Show all lines from the records below in which the string "Group" is present.
Dataset Start Marker
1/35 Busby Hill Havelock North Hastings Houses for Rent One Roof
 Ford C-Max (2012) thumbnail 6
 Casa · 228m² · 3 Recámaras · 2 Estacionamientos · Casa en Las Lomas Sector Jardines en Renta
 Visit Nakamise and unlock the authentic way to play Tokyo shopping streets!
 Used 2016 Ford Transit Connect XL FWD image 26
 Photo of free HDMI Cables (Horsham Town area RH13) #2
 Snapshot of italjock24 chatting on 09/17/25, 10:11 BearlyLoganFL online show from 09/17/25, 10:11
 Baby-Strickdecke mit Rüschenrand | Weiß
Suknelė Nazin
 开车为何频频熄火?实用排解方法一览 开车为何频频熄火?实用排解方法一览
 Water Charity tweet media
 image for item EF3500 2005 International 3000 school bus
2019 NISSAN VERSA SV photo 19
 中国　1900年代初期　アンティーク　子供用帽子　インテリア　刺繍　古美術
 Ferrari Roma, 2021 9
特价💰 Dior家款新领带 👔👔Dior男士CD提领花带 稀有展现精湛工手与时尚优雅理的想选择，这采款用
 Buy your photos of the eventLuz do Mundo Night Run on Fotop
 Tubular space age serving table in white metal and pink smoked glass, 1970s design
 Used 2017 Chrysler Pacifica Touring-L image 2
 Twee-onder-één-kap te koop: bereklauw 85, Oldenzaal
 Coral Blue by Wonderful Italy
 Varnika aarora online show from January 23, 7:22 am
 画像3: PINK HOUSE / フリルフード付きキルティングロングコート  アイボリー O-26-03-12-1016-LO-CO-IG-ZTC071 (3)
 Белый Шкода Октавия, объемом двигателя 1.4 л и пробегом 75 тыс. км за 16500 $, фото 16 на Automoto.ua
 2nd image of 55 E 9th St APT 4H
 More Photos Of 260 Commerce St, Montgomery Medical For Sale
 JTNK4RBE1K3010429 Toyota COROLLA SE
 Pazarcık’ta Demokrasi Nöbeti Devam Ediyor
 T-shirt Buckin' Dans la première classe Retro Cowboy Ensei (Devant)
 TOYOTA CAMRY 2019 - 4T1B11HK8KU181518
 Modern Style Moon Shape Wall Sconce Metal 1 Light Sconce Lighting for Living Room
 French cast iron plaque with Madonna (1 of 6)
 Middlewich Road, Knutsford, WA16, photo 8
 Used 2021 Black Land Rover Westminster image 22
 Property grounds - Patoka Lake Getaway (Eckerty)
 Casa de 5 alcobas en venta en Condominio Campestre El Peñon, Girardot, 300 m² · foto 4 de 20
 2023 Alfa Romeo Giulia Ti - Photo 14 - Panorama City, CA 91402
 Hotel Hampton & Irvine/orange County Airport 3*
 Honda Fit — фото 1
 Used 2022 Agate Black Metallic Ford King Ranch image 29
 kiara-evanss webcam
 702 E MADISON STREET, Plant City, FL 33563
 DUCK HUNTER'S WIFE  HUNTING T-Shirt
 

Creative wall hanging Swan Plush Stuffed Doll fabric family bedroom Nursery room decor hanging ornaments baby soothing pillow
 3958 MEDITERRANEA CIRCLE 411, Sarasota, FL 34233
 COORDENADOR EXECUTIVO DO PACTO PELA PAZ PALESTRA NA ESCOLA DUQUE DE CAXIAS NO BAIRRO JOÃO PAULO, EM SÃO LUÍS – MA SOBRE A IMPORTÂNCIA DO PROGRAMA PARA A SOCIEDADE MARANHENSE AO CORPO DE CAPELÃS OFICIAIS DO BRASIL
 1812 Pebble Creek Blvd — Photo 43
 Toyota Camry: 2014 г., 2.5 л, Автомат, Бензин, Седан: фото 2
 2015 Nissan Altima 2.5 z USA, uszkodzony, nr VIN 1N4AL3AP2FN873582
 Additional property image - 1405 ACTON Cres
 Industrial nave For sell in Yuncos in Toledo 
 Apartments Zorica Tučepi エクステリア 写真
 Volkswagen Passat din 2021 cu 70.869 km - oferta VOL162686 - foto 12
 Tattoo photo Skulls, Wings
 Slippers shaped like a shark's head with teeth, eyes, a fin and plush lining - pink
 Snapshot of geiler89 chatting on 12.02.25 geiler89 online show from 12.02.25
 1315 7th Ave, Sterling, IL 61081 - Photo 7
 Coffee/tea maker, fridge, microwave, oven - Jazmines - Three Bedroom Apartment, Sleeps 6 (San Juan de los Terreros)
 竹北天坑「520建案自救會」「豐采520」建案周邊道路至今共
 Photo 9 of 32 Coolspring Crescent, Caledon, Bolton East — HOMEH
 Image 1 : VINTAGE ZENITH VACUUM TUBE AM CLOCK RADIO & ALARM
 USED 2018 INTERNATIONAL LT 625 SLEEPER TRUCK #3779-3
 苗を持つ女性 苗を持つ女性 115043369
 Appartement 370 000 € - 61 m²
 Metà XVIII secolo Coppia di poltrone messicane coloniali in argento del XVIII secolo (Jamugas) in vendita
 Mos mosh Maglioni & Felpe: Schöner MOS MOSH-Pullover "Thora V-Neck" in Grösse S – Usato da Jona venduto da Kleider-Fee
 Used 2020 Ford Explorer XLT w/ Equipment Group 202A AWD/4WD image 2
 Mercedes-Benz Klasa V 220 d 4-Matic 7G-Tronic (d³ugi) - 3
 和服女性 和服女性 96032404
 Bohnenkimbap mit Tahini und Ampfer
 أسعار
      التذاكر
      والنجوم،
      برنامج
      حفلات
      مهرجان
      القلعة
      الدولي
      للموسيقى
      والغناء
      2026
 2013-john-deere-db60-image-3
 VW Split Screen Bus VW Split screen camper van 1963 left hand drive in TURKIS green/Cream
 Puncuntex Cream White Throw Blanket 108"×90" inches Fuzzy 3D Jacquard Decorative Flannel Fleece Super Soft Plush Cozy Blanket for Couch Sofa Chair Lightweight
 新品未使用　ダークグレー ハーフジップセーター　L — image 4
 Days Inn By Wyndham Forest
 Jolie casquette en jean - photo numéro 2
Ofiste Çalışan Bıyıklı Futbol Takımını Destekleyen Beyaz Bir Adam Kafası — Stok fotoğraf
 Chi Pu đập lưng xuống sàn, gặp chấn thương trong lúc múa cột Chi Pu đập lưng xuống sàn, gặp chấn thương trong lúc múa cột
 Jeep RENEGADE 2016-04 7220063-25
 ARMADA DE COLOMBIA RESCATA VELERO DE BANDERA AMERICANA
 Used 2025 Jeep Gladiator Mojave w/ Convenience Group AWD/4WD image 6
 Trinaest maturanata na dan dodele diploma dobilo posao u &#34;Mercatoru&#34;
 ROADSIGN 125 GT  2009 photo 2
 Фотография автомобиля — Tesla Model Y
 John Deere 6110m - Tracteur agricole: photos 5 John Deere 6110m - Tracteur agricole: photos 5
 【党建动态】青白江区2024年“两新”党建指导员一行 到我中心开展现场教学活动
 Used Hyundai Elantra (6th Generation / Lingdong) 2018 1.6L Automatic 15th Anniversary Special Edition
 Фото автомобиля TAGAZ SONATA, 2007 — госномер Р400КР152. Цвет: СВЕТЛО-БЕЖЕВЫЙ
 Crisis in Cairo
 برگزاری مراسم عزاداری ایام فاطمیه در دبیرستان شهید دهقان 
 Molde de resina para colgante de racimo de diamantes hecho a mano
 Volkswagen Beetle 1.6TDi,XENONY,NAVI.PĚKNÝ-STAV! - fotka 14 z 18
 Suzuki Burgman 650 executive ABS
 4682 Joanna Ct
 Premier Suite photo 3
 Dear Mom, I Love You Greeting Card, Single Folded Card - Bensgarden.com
Dataset End Marker
## Answer space
 Used 2020 Ford Explorer XLT w/ Equipment Group 202A AWD/4WD image 2
 Used 2025 Jeep Gladiator Mojave w/ Convenience Group AWD/4WD image 6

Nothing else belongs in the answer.